RECORDS SUPPLIED:
#####

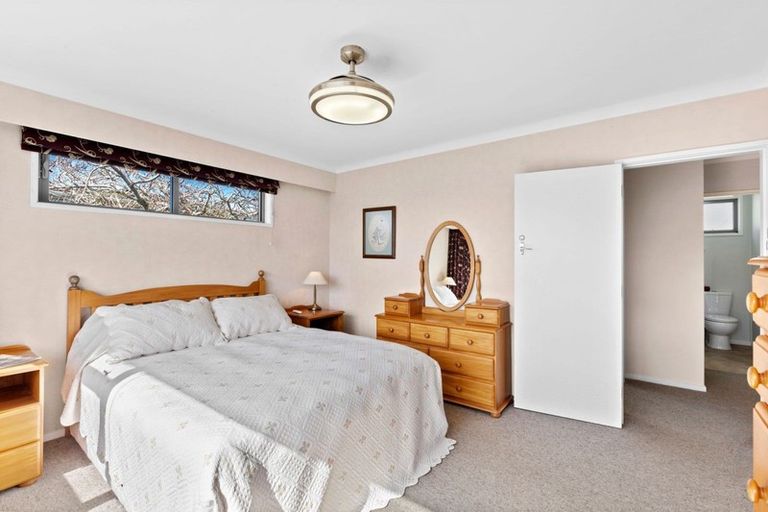 Photo of property in 12 Crownhill Street, Spotswood, New Plymouth, 4310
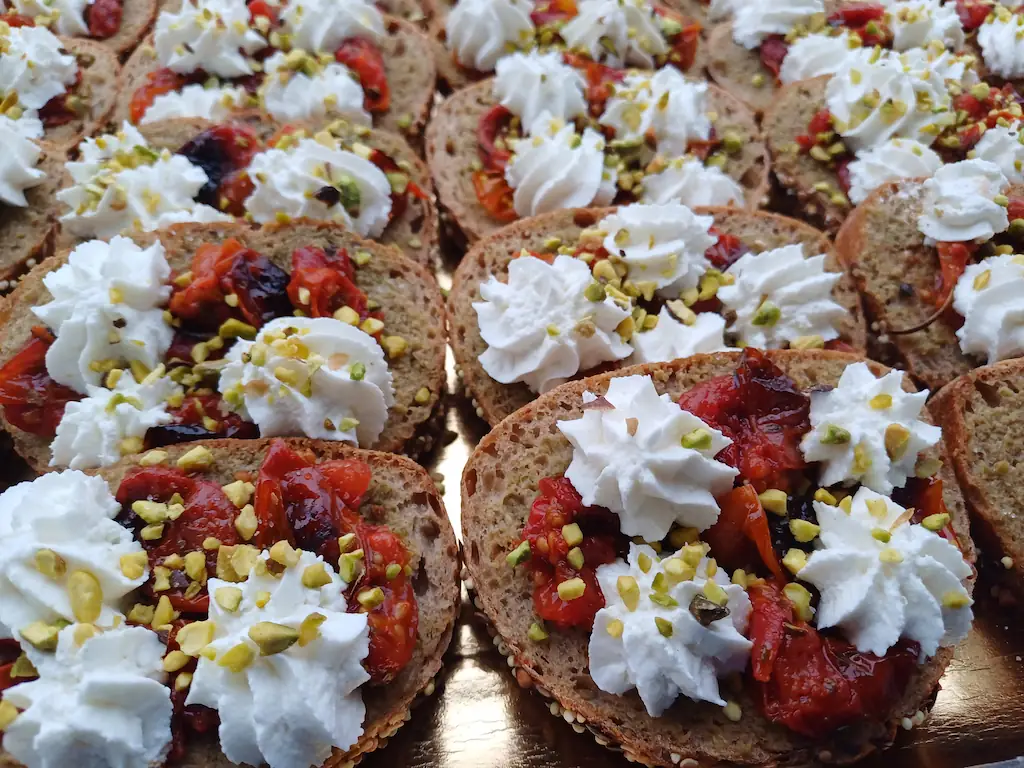Tartines de tapenade, tomates confites, ricotta et pistache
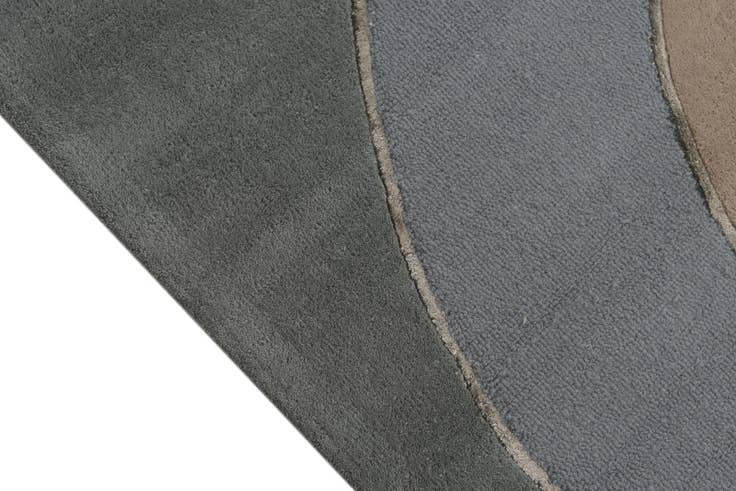 Detail image of 5' 8 x 7' 10 Luna Rug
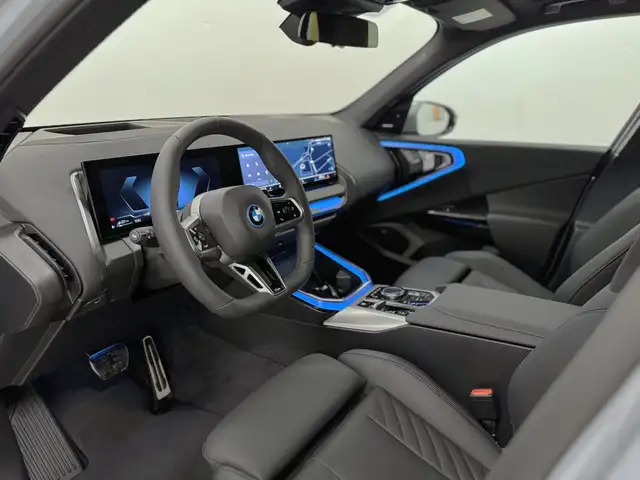 BMW X3 view 7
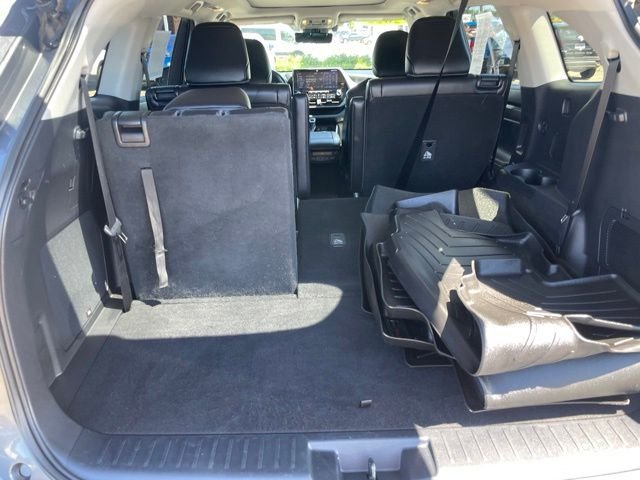 Used 2022 Gray Toyota Platinum image 11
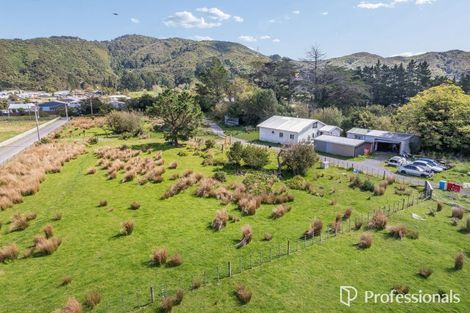 Photo of property in 120 Upper Fitzherbert Road, Wainuiomata, 5373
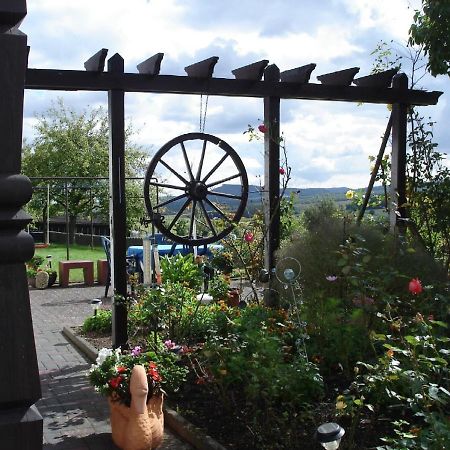 Ferienwohnung Fuelbier Oberzissen Экстерьер фото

#####

TASK TO CARRY OUT: Return the listing above in full and exactly, omitting all pictures.

RESPONSE BOX:
 Photo of property in 12 Crownhill Street, Spotswood, New Plymouth, 4310
Tartines de tapenade, tomates confites, ricotta et pistache
 Detail image of 5' 8 x 7' 10 Luna Rug
 BMW X3 view 7
 Used 2022 Gray Toyota Platinum image 11
 Photo of property in 120 Upper Fitzherbert Road, Wainuiomata, 5373
 Ferienwohnung Fuelbier Oberzissen Экстерьер фото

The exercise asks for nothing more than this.